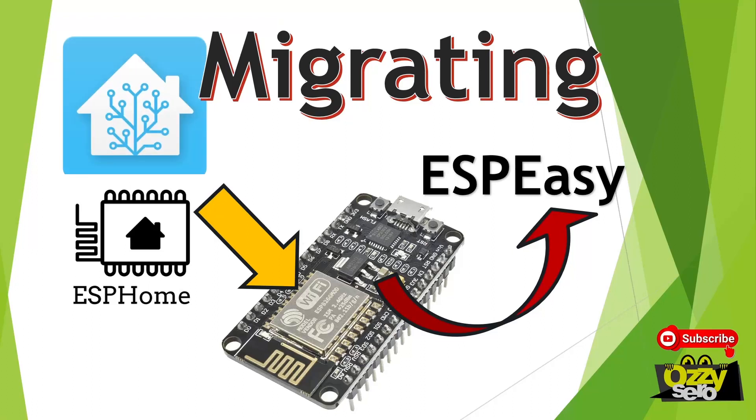Hey guys, welcome to OCZero. Today I'm going to show you how to migrate a NodeMCU from ESP-Easy to ESPHome in Home Assistant.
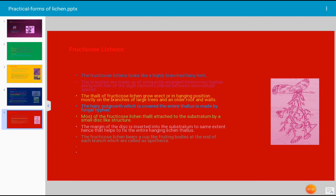The fruticose lichens bear cup-like structures or fruiting bodies at the end of each branch, which are also called apothecia. These are the characteristic features of fruticose lichen. This concludes the practical on different forms of lichen — we have studied and observed specimens of three different forms: crustose, foliose, and fruticose lichen, noting their details. Thank you very much.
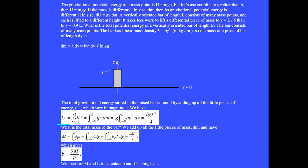We have u equals the integral of du equals g·y·dm. Replacing dm we get g times the integral of b·y³·dy, which gives b·g·l⁴ over 4.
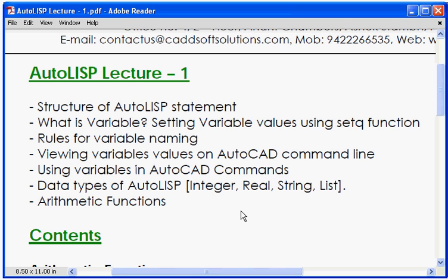In this AutoLISP first lecture we plan to complete these topics step by step: structure of AutoLISP statement, what is a variable, setting variable values using the setq function, rules for variable naming, viewing variable values on the AutoCAD command line, using variables in AutoCAD commands, the different types of AutoLISP data types, and the basic arithmetic functions. So we will start with the structure of AutoLISP statement.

● **WHAT NEEDS TO BE DONE**
Reproduce the material above verbatim; omit every picture.

● **REPLY TO THE TASK**
Hey guys, welcome to OCZero. Today I'm going to show you how to migrate a NodeMCU from ESP-Easy to ESPHome in Home Assistant.
The fruticose lichens bear cup-like structures or fruiting bodies at the end of each branch, which are also called apothecia. These are the characteristic features of fruticose lichen. This concludes the practical on different forms of lichen — we have studied and observed specimens of three different forms: crustose, foliose, and fruticose lichen, noting their details. Thank you very much.
We have u equals the integral of du equals g·y·dm. Replacing dm we get g times the integral of b·y³·dy, which gives b·g·l⁴ over 4.
In this AutoLISP first lecture we plan to complete these topics step by step: structure of AutoLISP statement, what is a variable, setting variable values using the setq function, rules for variable naming, viewing variable values on the AutoCAD command line, using variables in AutoCAD commands, the different types of AutoLISP data types, and the basic arithmetic functions. So we will start with the structure of AutoLISP statement.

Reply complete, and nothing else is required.